Anyway, I found a great article that I wanted to post on here that really encompasses the link between the ancient and the spiritual knowledge, and the benefits of being immersed in the classics.
From Memoria Press:
Why Read Homer's Iliad? written by Cheryl Lowe
http://www.memoriapress.com/articles/why-read-homers-iliad (emphasis and notes mine)
"The heart of a classical education is the cumulative study of Latin and the classical civilizations of Greece and Rome. In the Western tradition, education has always been synonymous with classical education. It began with the Greeks and Romans, was preserved and expanded by Christians during the Middle Ages and Renaissance, and continued unabated until well into the twentieth century.
"I have said many times that Latin is not dead: it is immortal. Latin is truly the most influential language in human history. It has been immortalized in modern romance languages, in modern scientific languages,
and in its own great literature.
"The most difficult part of classical education for parents to understand is not Latin, but rather our classical studies curriculum. Why study the Greeks and Romans? They are all dead, their civilization is dead and gone, they were pagans, and they weren't even Christians. What do they have to say to us?
"Just as Latin is not dead, it is also true that Greece and Rome are not dead. They, too, are immortal in their architecture, art, law, government, languages, mythology, literature, and philosophy. The cultures of Greece and Rome live around and through us every day.
"Students who study Latin soon see that Latin is everywhere and that they have been speaking and reading Latin all of their lives. Likewise, students who study Greece and Rome soon see that those cultures are everywhere, and they have been living as Greeks and Romans all of their lives.
"The story of Greek and Roman literature begins with the story of Troy. Our students at Highlands Latin School read the
Iliad and the
Odyssey in the seventh Grade, and at first, the warrior culture of these early Greeks seems very alien. They were not sensitive and sentimental like us. They were not politically correct
at all. Achilles was certainly not a nice Christian gentleman like Robert E. Lee. We don't know many real facts about the Trojan War, and all those silly gods fighting and taking sides—ridiculous! Why don't we read something useful, like a book on the Civil War?
"But the
Iliad, we discover, is a book about the Civil War. It is a book about all wars, about the people and characters that you find in every war—actually, in every town!—the wise, the foolish, the clever, the noble, the base, the ambitious, the women, the old, and the young. It is about their pettiness, their heroism, their adventures, their sacrifices, and their sufferings. The
Iliad is mostly about people, not war, and it gives us unforgettable and universal character types.

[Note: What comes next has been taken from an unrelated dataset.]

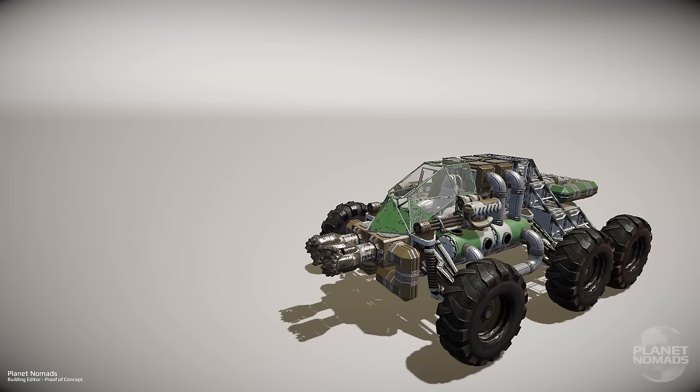Hello everyone and welcome to the video introduction of the building editor for our upcoming sandbox game of creation and survival called Planet Nomads, which takes place on procedurally generated planets in space. Your task is to survive there.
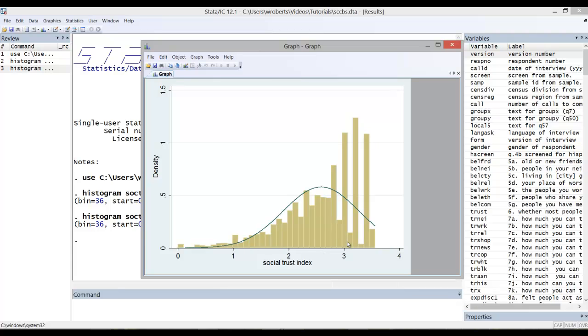So the gold bars are the actual distribution of our respondents on a social trust index measure. And this curve here is what a normal distribution should look like. So just visually looking at this, you can see that we're departing from a normal distribution.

"There is no passage in all of literature more moving than when Priam comes to beg for the body of Hector and kisses the bloody hands of Achilles, who has slaughtered so many of his sons. The two enemies, one old and one young, sit down and weep together over what they both have lost.
"Hector is the real hero of the
Iliad, and he dies at the hands of Achilles, who desecrates his body and drags it around the walls of Troy, Venus then restores his body to perfection before it is returned to Priam. And the
Iliad ends, “Thus was the funeral of Hector, tamer of horses." The
Iliad is a strange poem when you think about it. It is not at all what we expect from a story about a great war hero. Hector, in fact, is just the opposite of the John Wayne, Clint Eastwood, make-my-day kind of hero that we so admire. I'm sure the Greeks were just like us and would have much preferred a poem that showed that they were number one, that they were right, and deserved to win over the effeminate Trojans. But that is not what Homer gave them—or us.
Hector, in some sense, prefigures Christ, for he was not at all the Greek ideal of a hero, godlike in beauty and strength. Rather, he was a hero that was defiled and humiliated.
"I don't know any substitute for Latin for training the intellect and sharpening the mind. And I don't know any substitute for the
Iliad for humanizing and civilizing the young. There is no book on the Civil War—or any war—that compares with the
Iliad. And your children will be a little wiser and a little more human for having read it. Each year, our students at Highlands Latin School read the
Iliad, under the guidance of Mr. Wheatley, our principal, and knowing the death of Hector is imminent, they often express the fear that they are going to cry in class.
"The
Iliad and
Odyssey are the beginnings of Western literature. The story of that war and its aftermath continues in the
Aeneid, which our students read in the eighth Grade. Written by the great Roman poet Virgil, and modeled on the
Iliad and the
Odyssey, the
Aeneid tells the story of Aeneas, who was destined to escape from the burning city of Troy and found a new city, Rome.
And the destiny of Rome, Virgil tells us, was to civilize and rule the world. Rome brought an unprecedented two hundred years of peace and prosperity to the ancient world, preparing the way for the coming of Christ and the spread of the gospel to the ends of the known world. (And the link between Rome and America is made even clearer. As Rome prepared the way for Christ, so has America prepared the way for the Restoration of His gospel in these last days.)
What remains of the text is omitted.